Tous ceux qui suivent de près l’enquête de la Financial Crimes Commission retiennent actuellement leur souffle. Qu’est-ce qui sortira encore de cette boîte de Pandore ? Les montants des sommes transitant par ce canal font suffoquer plus d’un. Ainsi, on parle d’un versement de Rs 250 millions aux personnels policiers depuis plusieurs années sans justification et sans audit indépendant. Entre septembre et octobre 2024, Rs 50 millions auraient été distribuées : Rs 11 M en septembre et Rs 38,9 M en octobre. Il paraît qu’entre 2016 et 2022 des dizaines de millions de roupies de l’État auraient été distribuées sans qu’on sache qui les a réellement reçues et sur quelles bases.
Le reward money, initialement prévu comme incitation légitime dans les enquêtes pénales, est au cœur d’un scandale concernant l’argent public. Si on comprend bien, tous les moyens déployés pour traquer les trafiquants de drogue et combattre le trafic de drogue qui enrichissent les gros trafiquants ont été convertis en une poule aux œufs d’or pour ceux chargés d’éliminer ce fléau qui anéantit la jeunesse mauricienne dans tous les milieux et dans toutes les communautés. On constate de visu à quel point l’argent corrompt.
L’ancien Premier ministre avait affirmé à l’époque que la drogue avait pénétré toutes les institutions.  Comment pouvait-on savoir qu’une des institutions qui tombent directement sous la responsabilité du PMO avait pu avoir été touchée à ce point ? Au  journal Le Mauricien, on n’oublie pas la tentative avortée d’installer de la drogue dans nos locaux.  L’enquête n’a jamais donné aucun résultat. À tort ou à raison, on ne peut pas s’empêcher de penser que certaines personnes touchaient du reward money à travers des trafics qu’elles organisaient elles-mêmes en piégeant leurs victimes.
Les Mauriciens attendent beaucoup de cette enquête qui, nous l’espérons, pourra enfin nettoyer les écuries d’Augias. Le gouvernement a promis une politique de zéro tolérance face à la corruption ou le trafic de drogue. Nous comptons sur les backbenchers de l’opposition, et surtout sur l’Agence nationale de la lutte contre la drogue, pour maintenir la pression jusqu’à ce que toute la vérité éclate et que tous les responsables soient sanctionnés.

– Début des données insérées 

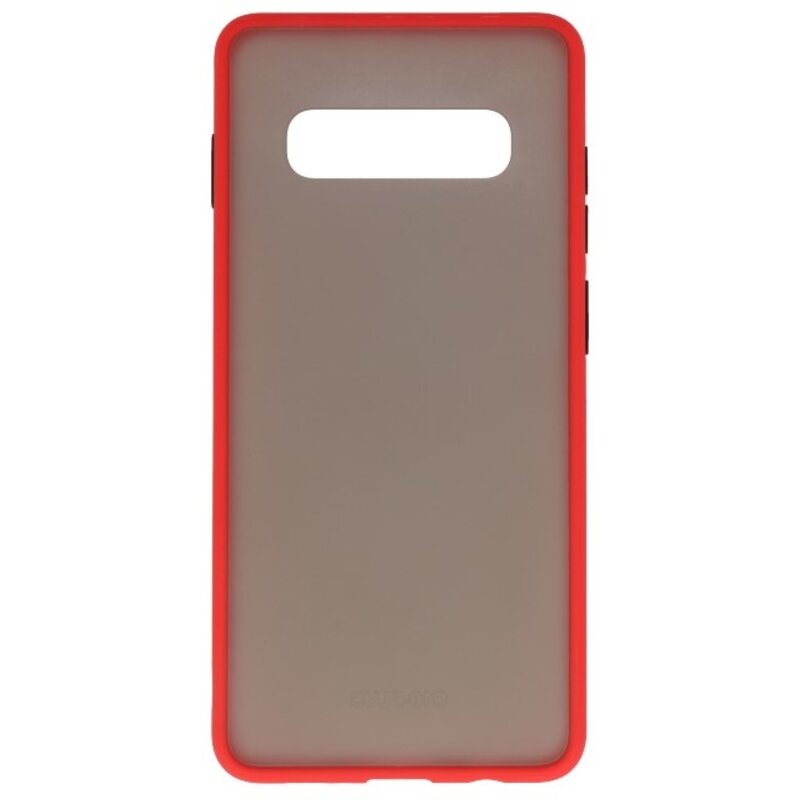 Combinación de colores Estuche rígido para Galaxy S10 Plus Rojo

Saluons l’initiative du diocèse de Port-Louis, qui a consacré la semaine écoulée aux détenus dans le cadre de l’année jubilaire. L’évêque de Port-Louis, Mgr Michael Durhône a, à cette occasion, mis l’accent sur l’inclusion, la réhabilitation et la réinsertion. Dans son message à l’occasion du lancement de cette semaine, il a souligné que 2 877 personnes sont actuellement incarcérées, dont 52% sont dans la tranche d’âge entre 18 et 30 ans. Il a mis le doigt sur le drame qui affecte notre société en indiquant que 95% des jeunes détenus le sont en lien avec des affaires de drogue. « Ce sont nos enfants. Ils ont besoin d’un chemin d’espérance », a-t-il lancé avec force.

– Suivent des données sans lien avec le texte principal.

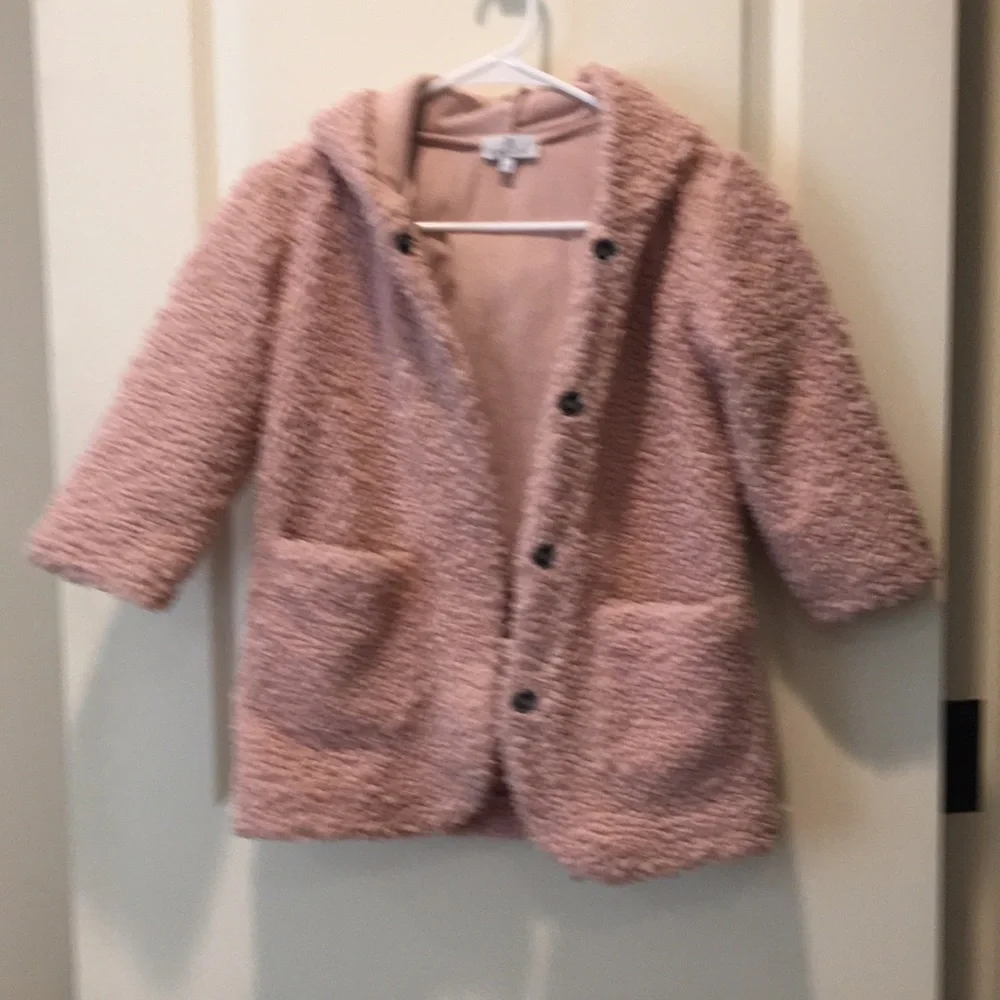 Pinolini girls button down hooded popcorn coat/super soft lined kids size 7 pink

Le monde carcéral est revenu avec force dans l’actualité avec la tentative de mutinerie survenue à la prison de Melrose qui a permis de jeter un éclairage sur la situation prévalant dans institutions carcérales. La Commission des droits de l’homme, nouvellement reconstituée, comme l’a annoncé Navin Ramgoolam, au Parlement, sera chargée d’examiner en détail les causes des troubles à l’intérieur de la prison et la manière dont ces troubles ont été gérés par les autorités pénitentiaires ainsi que les mesures qui peuvent être prises pour les éviter. Heureusement que les caméras installées à la prison fonctionnaient et à vendredi, les membres de la Commission avaient déjà examiné 50% des enregistrements. Le rapport est attendu avec impatience.
Finalement, avec la présentation du Finance Bill par le Premier ministre vendredi, le gouvernement entre de plain-pied dans la mise en œuvre des mesures budgétaires. Ces mesures n’ont pas manqué de créer des secousses, notamment en ce qui concerne la réforme de la pension de vieillesse. Le pays passe donc à une nouvelle étape. Tout en reconnaissant les efforts faits par le nouveau gouvernement pour remettre le pays sur les rails, il faut reconnaître que cela ne se passe pas sans douleur dans la population. Elle est vulnérable face aux prophètes de malheur. Elle s’attend désormais à ce que ceux en qui elle a placé sa confiance transcendent les barrières protocolaires et de sécurité pour être à leurs côtés et souffrent avec eux. Le succès du développement économique en dépend.